Python programming language is ideal for web development. Websites are constantly changing and, therefore, their contents change over time. For example, the design of a website can be updated or new page elements can be added.
Python is the most popular and widely used computer programming language, especially in the field of Data Science and Machine Learning. Unlike HTML, CSS or JavaScript, its use is therefore not limited to web development. It can be used for any kind of programming and software development.
In particular, it is used for the back end development of web or mobile applications, and for the development of software and applications for PCs. It also allows you to write system scripts, in order to create instructions for a computer system
In addition, Python is the most popular computer language for processing big data, performing mathematical calculations, or machine learning. Overall, this is the language of choice for Data Science.
One of the main use cases of Python is scripting and automation.
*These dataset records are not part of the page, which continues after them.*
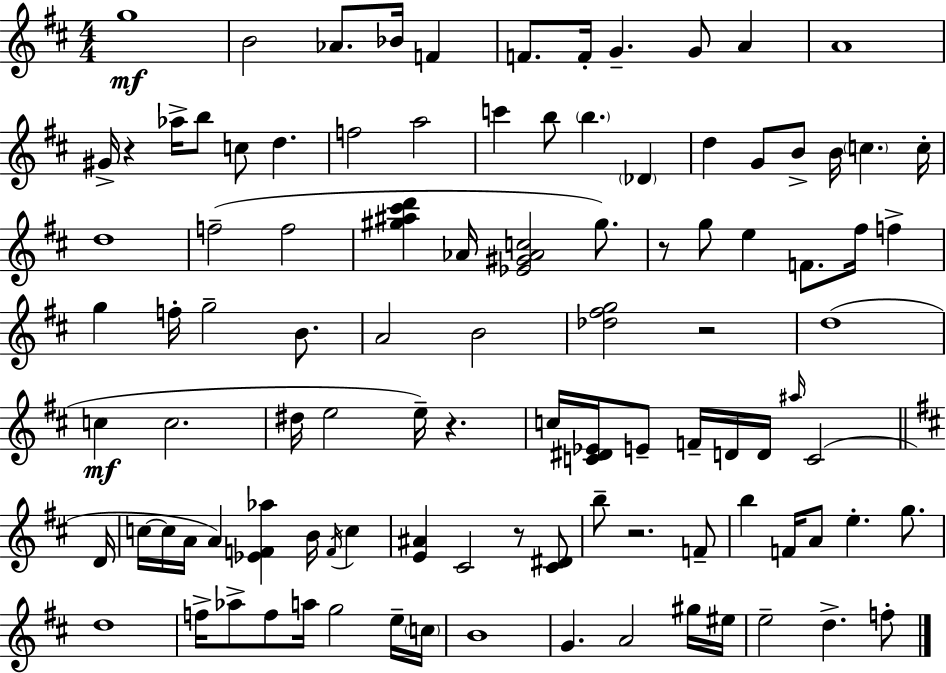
X:1
T:Untitled
M:4/4
L:1/4
K:D
g4 B2 _A/2 _B/4 F F/2 F/4 G G/2 A A4 ^G/4 z _a/4 b/2 c/2 d f2 a2 c' b/2 b _D d G/2 B/2 B/4 c c/4 d4 f2 f2 [^g^a^c'd'] _A/4 [_E^G_Ac]2 ^g/2 z/2 g/2 e F/2 ^f/4 f g f/4 g2 B/2 A2 B2 [_d^fg]2 z2 d4 c c2 ^d/4 e2 e/4 z c/4 [C^D_E]/4 E/2 F/4 D/4 D/4 ^a/4 C2 D/4 c/4 c/4 A/4 A [_EF_a] B/4 F/4 c [E^A] ^C2 z/2 [^C^D]/2 b/2 z2 F/2 b F/4 A/2 e g/2 d4 f/4 _a/2 f/2 a/4 g2 e/4 c/4 B4 G A2 ^g/4 ^e/4 e2 d f/2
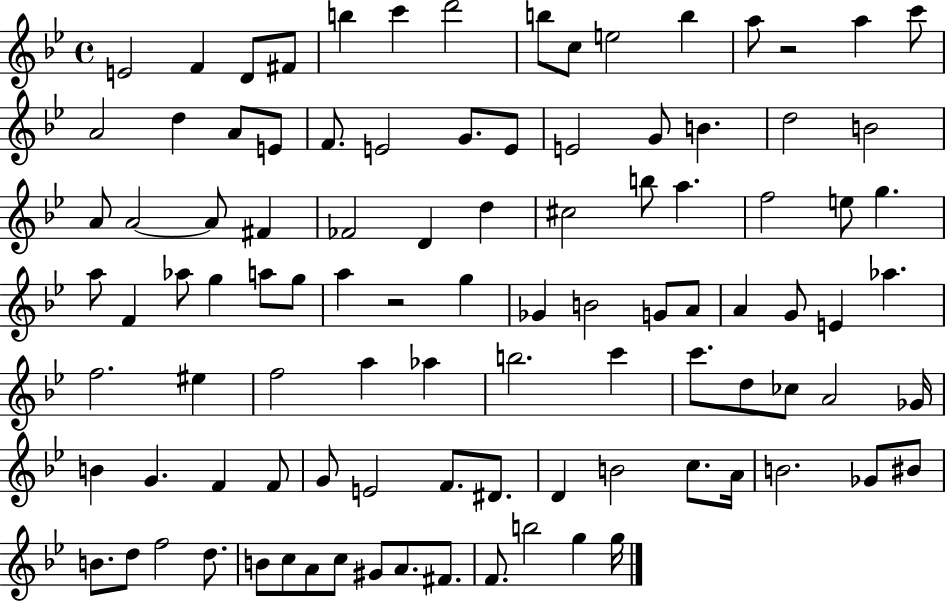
X:1
T:Untitled
M:4/4
L:1/4
K:Bb
E2 F D/2 ^F/2 b c' d'2 b/2 c/2 e2 b a/2 z2 a c'/2 A2 d A/2 E/2 F/2 E2 G/2 E/2 E2 G/2 B d2 B2 A/2 A2 A/2 ^F _F2 D d ^c2 b/2 a f2 e/2 g a/2 F _a/2 g a/2 g/2 a z2 g _G B2 G/2 A/2 A G/2 E _a f2 ^e f2 a _a b2 c' c'/2 d/2 _c/2 A2 _G/4 B G F F/2 G/2 E2 F/2 ^D/2 D B2 c/2 A/4 B2 _G/2 ^B/2 B/2 d/2 f2 d/2 B/2 c/2 A/2 c/2 ^G/2 A/2 ^F/2 F/2 b2 g g/4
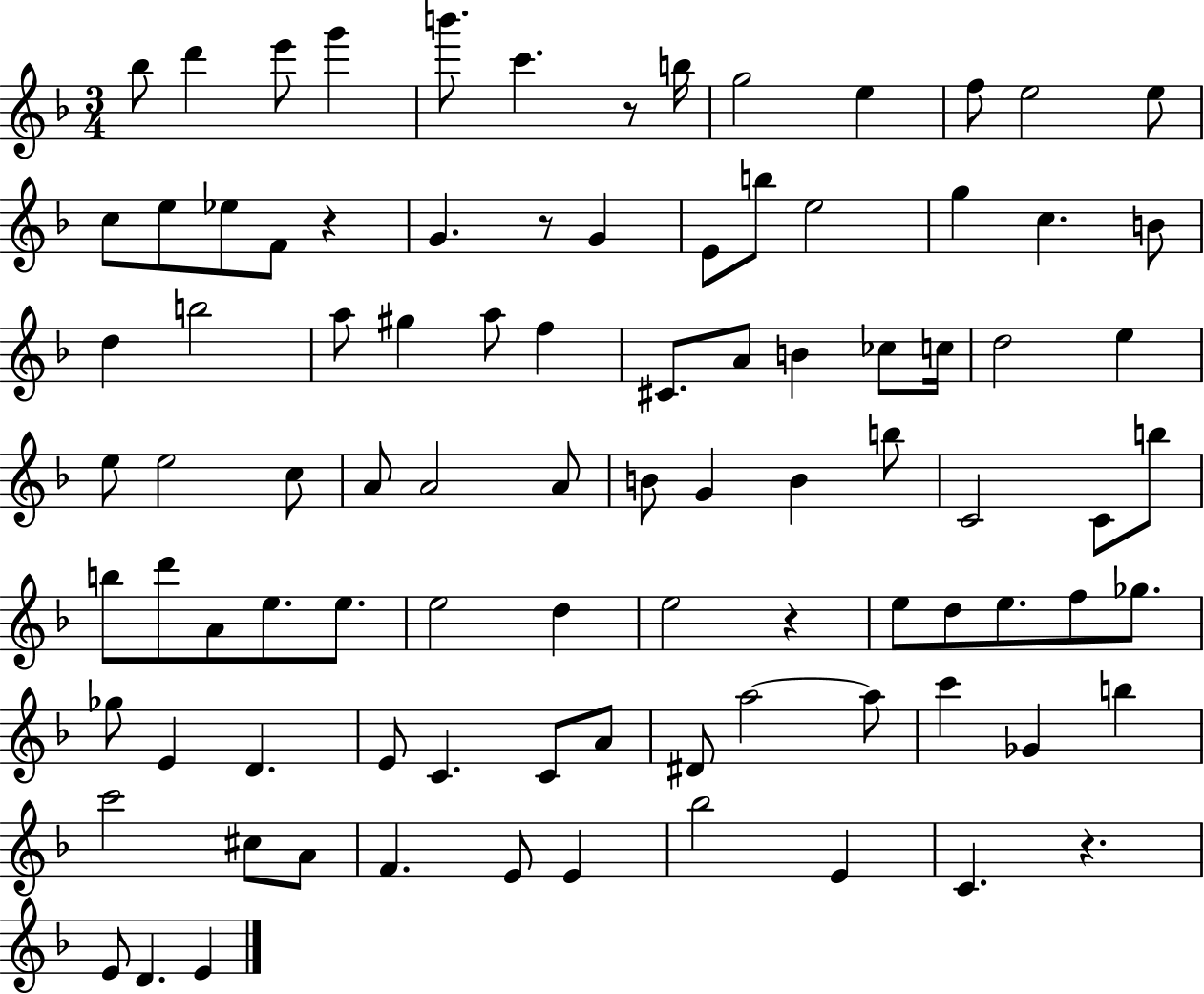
{
  \clef treble
  \numericTimeSignature
  \time 3/4
  \key f \major
  bes''8 d'''4 e'''8 g'''4 | b'''8. c'''4. r8 b''16 | g''2 e''4 | f''8 e''2 e''8 | \break c''8 e''8 ees''8 f'8 r4 | g'4. r8 g'4 | e'8 b''8 e''2 | g''4 c''4. b'8 | \break d''4 b''2 | a''8 gis''4 a''8 f''4 | cis'8. a'8 b'4 ces''8 c''16 | d''2 e''4 | \break e''8 e''2 c''8 | a'8 a'2 a'8 | b'8 g'4 b'4 b''8 | c'2 c'8 b''8 | \break b''8 d'''8 a'8 e''8. e''8. | e''2 d''4 | e''2 r4 | e''8 d''8 e''8. f''8 ges''8. | \break ges''8 e'4 d'4. | e'8 c'4. c'8 a'8 | dis'8 a''2~~ a''8 | c'''4 ges'4 b''4 | \break c'''2 cis''8 a'8 | f'4. e'8 e'4 | bes''2 e'4 | c'4. r4. | \break e'8 d'4. e'4 | \bar "|."
}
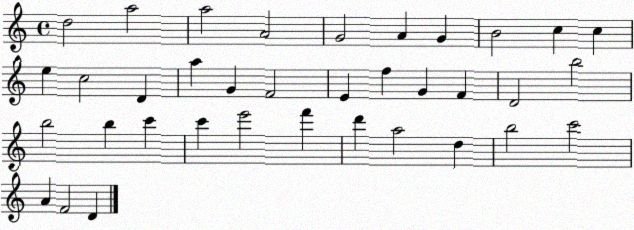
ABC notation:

X:1
T:Untitled
M:4/4
L:1/4
K:C
d2 a2 a2 A2 G2 A G B2 c c e c2 D a G F2 E f G F D2 b2 b2 b c' c' e'2 f' d' a2 d b2 c'2 A F2 D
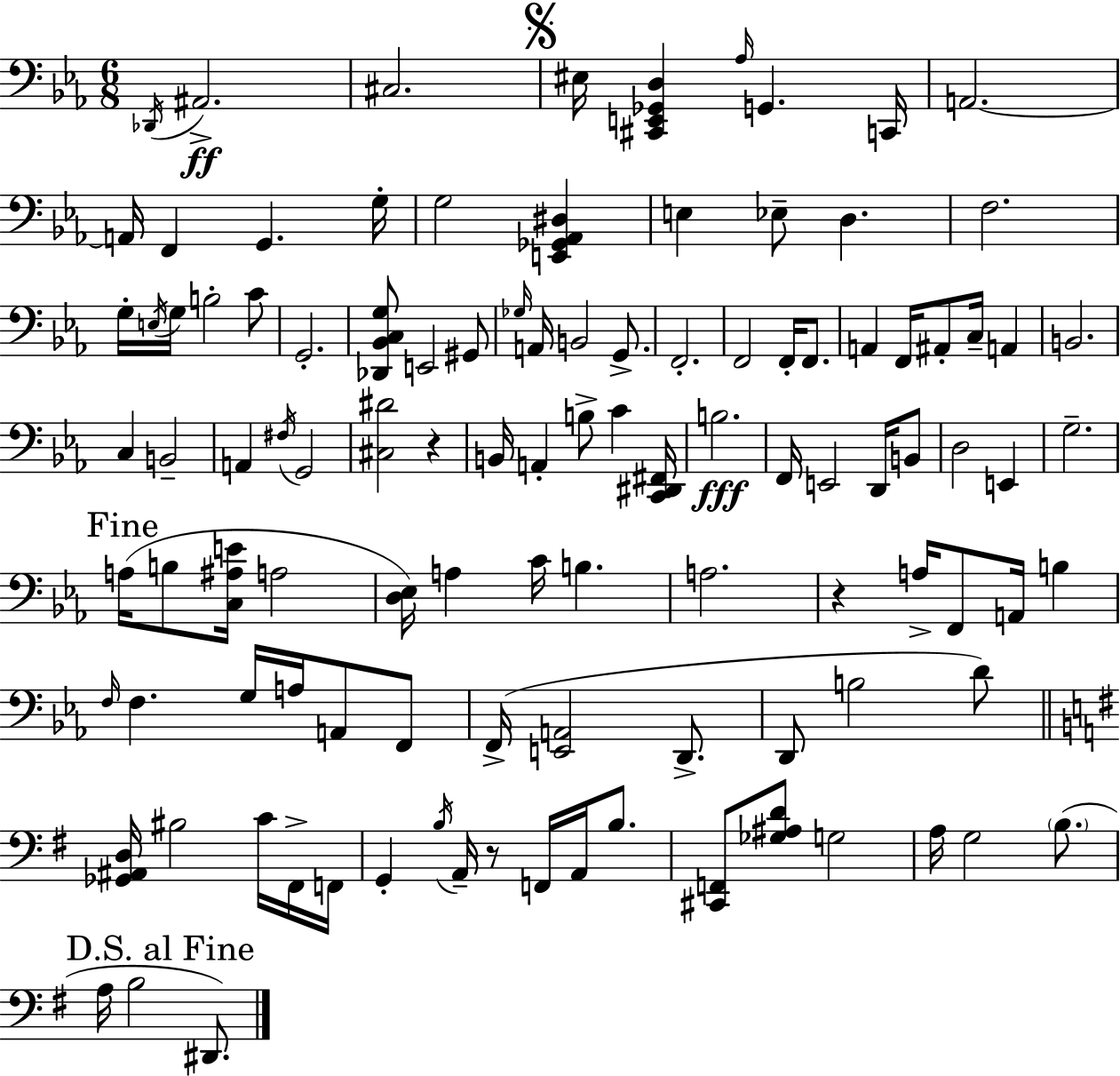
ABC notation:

X:1
T:Untitled
M:6/8
L:1/4
K:Cm
_D,,/4 ^A,,2 ^C,2 ^E,/4 [^C,,E,,_G,,D,] _A,/4 G,, C,,/4 A,,2 A,,/4 F,, G,, G,/4 G,2 [E,,_G,,_A,,^D,] E, _E,/2 D, F,2 G,/4 E,/4 G,/4 B,2 C/2 G,,2 [_D,,_B,,C,G,]/2 E,,2 ^G,,/2 _G,/4 A,,/4 B,,2 G,,/2 F,,2 F,,2 F,,/4 F,,/2 A,, F,,/4 ^A,,/2 C,/4 A,, B,,2 C, B,,2 A,, ^F,/4 G,,2 [^C,^D]2 z B,,/4 A,, B,/2 C [C,,^D,,^F,,]/4 B,2 F,,/4 E,,2 D,,/4 B,,/2 D,2 E,, G,2 A,/4 B,/2 [C,^A,E]/4 A,2 [D,_E,]/4 A, C/4 B, A,2 z A,/4 F,,/2 A,,/4 B, F,/4 F, G,/4 A,/4 A,,/2 F,,/2 F,,/4 [E,,A,,]2 D,,/2 D,,/2 B,2 D/2 [_G,,^A,,D,]/4 ^B,2 C/4 ^F,,/4 F,,/4 G,, B,/4 A,,/4 z/2 F,,/4 A,,/4 B,/2 [^C,,F,,]/2 [_G,^A,D]/2 G,2 A,/4 G,2 B,/2 A,/4 B,2 ^D,,/2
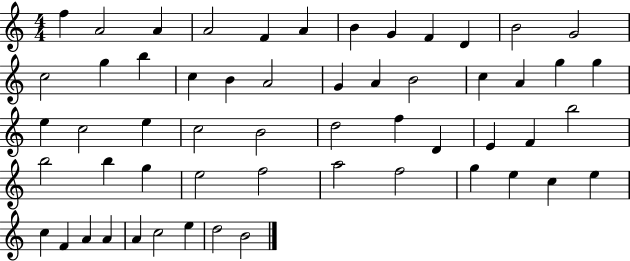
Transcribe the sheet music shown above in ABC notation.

X:1
T:Untitled
M:4/4
L:1/4
K:C
f A2 A A2 F A B G F D B2 G2 c2 g b c B A2 G A B2 c A g g e c2 e c2 B2 d2 f D E F b2 b2 b g e2 f2 a2 f2 g e c e c F A A A c2 e d2 B2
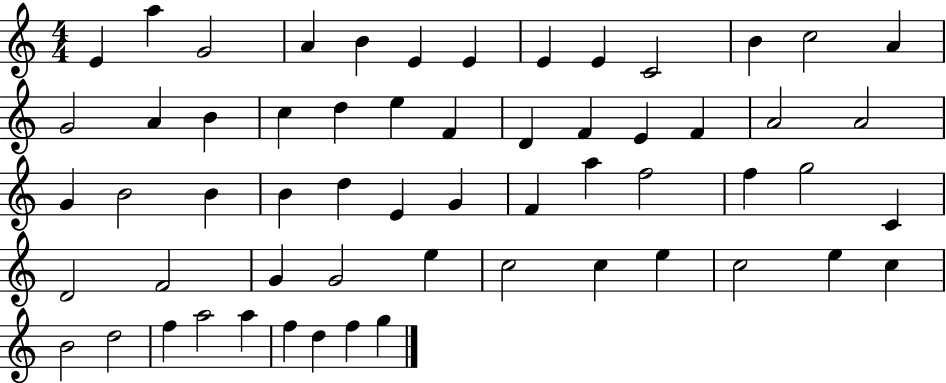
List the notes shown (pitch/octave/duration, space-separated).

E4/q A5/q G4/h A4/q B4/q E4/q E4/q E4/q E4/q C4/h B4/q C5/h A4/q G4/h A4/q B4/q C5/q D5/q E5/q F4/q D4/q F4/q E4/q F4/q A4/h A4/h G4/q B4/h B4/q B4/q D5/q E4/q G4/q F4/q A5/q F5/h F5/q G5/h C4/q D4/h F4/h G4/q G4/h E5/q C5/h C5/q E5/q C5/h E5/q C5/q B4/h D5/h F5/q A5/h A5/q F5/q D5/q F5/q G5/q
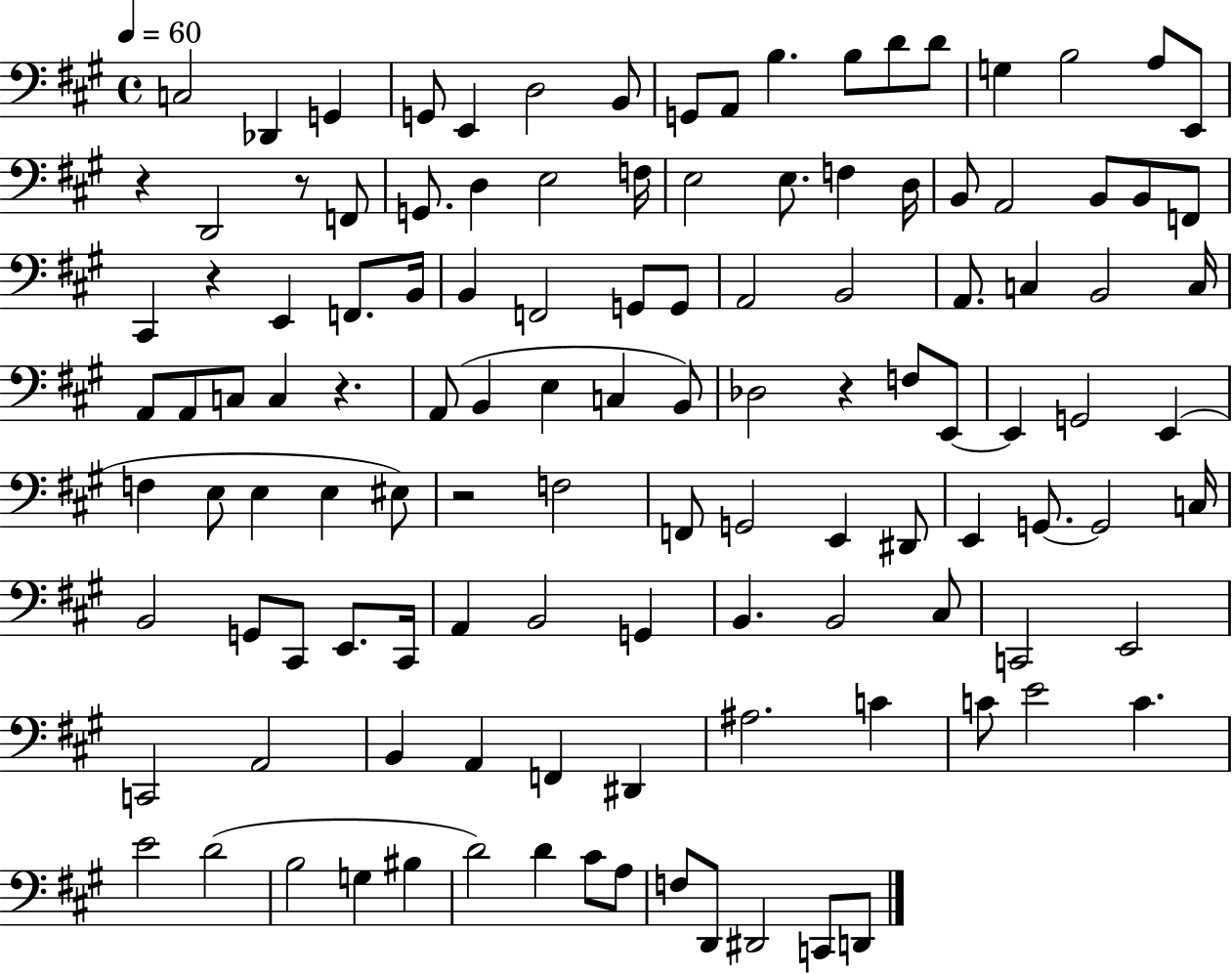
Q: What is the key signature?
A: A major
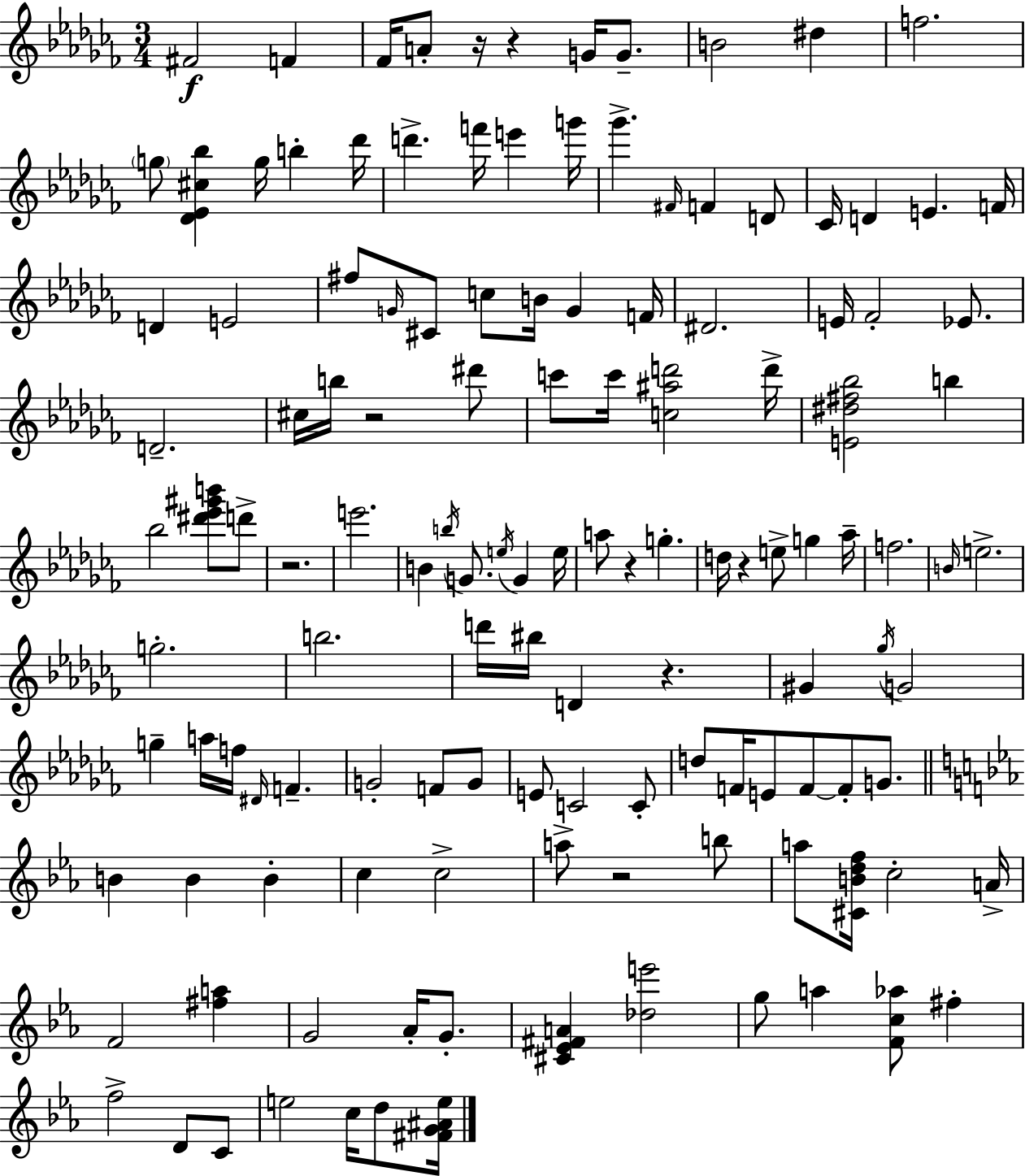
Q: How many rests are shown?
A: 8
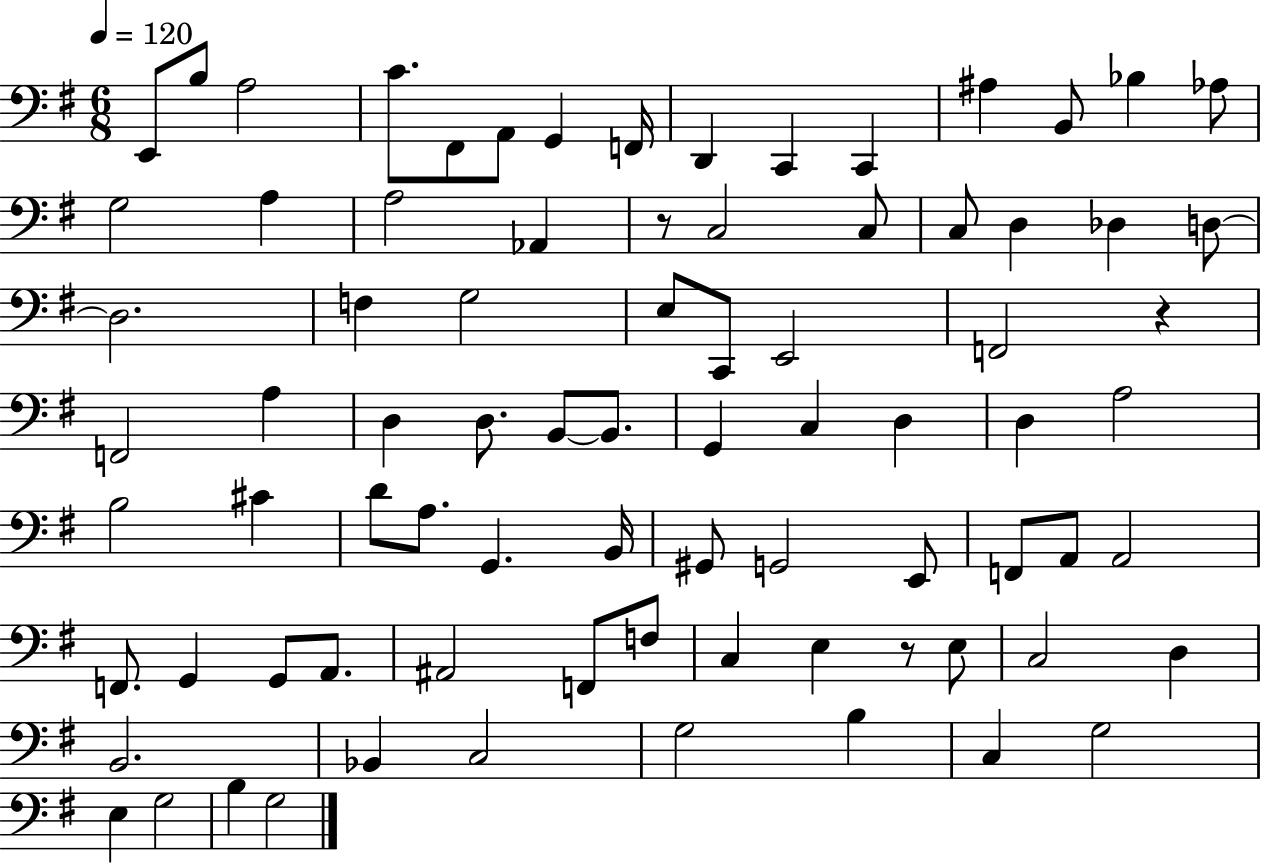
E2/e B3/e A3/h C4/e. F#2/e A2/e G2/q F2/s D2/q C2/q C2/q A#3/q B2/e Bb3/q Ab3/e G3/h A3/q A3/h Ab2/q R/e C3/h C3/e C3/e D3/q Db3/q D3/e D3/h. F3/q G3/h E3/e C2/e E2/h F2/h R/q F2/h A3/q D3/q D3/e. B2/e B2/e. G2/q C3/q D3/q D3/q A3/h B3/h C#4/q D4/e A3/e. G2/q. B2/s G#2/e G2/h E2/e F2/e A2/e A2/h F2/e. G2/q G2/e A2/e. A#2/h F2/e F3/e C3/q E3/q R/e E3/e C3/h D3/q B2/h. Bb2/q C3/h G3/h B3/q C3/q G3/h E3/q G3/h B3/q G3/h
This language can replace shell scripts, for example, but also automates interactions with web browsers or graphical application interfaces. It also allows system provisioning or configuration through tools like Ansible or Salt. However, these are far from its only applications.
Another use is application programming. It is possible to create all kinds of applications using this language. Although it does not support generating standard binaries from a script, third-party packages like cx Freeze and PyInstaller compensate for this weakness.
In addition, Python is the most widely used language for Data Science and Machine Learning. The vast majority of libraries used for these two data analysis disciplines have Python interfaces. This explains its popularity as a high-level command interface for machine learning libraries and other digital algorithms.
This language is also used for the creation of Web services and RESTful APIs. Its various native libraries and third-party web frameworks allow you to program data-driven websites with just a few lines of code. Another use case is metaprogramming and code generation. Every element of this language is an object, including modules and libraries. This is what makes Python a very efficient code generator. It is possible to write applications that manipulate their own functions, which are much more extensible than with other languages. It can also be used to run code generation systems like LLVM to create code in other languages.
Python is increasingly used in programming for two main reasons. First, as mentioned above, it is one of the most versatile and generalist languages. Additionally, despite its versatility, Python remains one of the easiest programming languages to learn. For good reason, its syntax is similar to everyday English. This is what allows a beginner to understand it and therefore to start learning it very easily.
Despite its simplicity, Python can be used for the most complex projects. It is used for example in the field of AI and Machine Learning. Therefore, this language is used by a wide variety of profiles. Examples include novice programmers, web and mobile application developers, software engineers, but also Data Scientists and other data professionals.
The Python language has many strengths. Due to its minimalism, it requires very little time to start using it. Beginners can learn to master it easily. Thus, developers spend more time trying to solve problems than dwelling on the language complexities.
Another advantage is its popularity. Widely used, this language is supported by most operating systems, and there is a large number of compatible libraries and service APIs. Despite its ease of use, this language can be used for scripting and automation as well as professional quality software development. It is therefore extremely versatile. Additionally, each update to the Python language adds new, very useful features that keep it aligned with modern development practices. In fact, it is not obsolete.
Despite its number of advantages, it is worth noting that Python is not suitable for all tasks. This is a “high level” language. It is therefore not suitable for programming at the system level. It is also not ideal for situations requiring independent cross-platform binaries. An independent application for Windows, macOS, and Linux won’t be easy to code in Python. Finally, it’s best to avoid Python for situations where speed is a top priority for the application. In these cases, it is better to turn to C and C ++ or another language of the same type.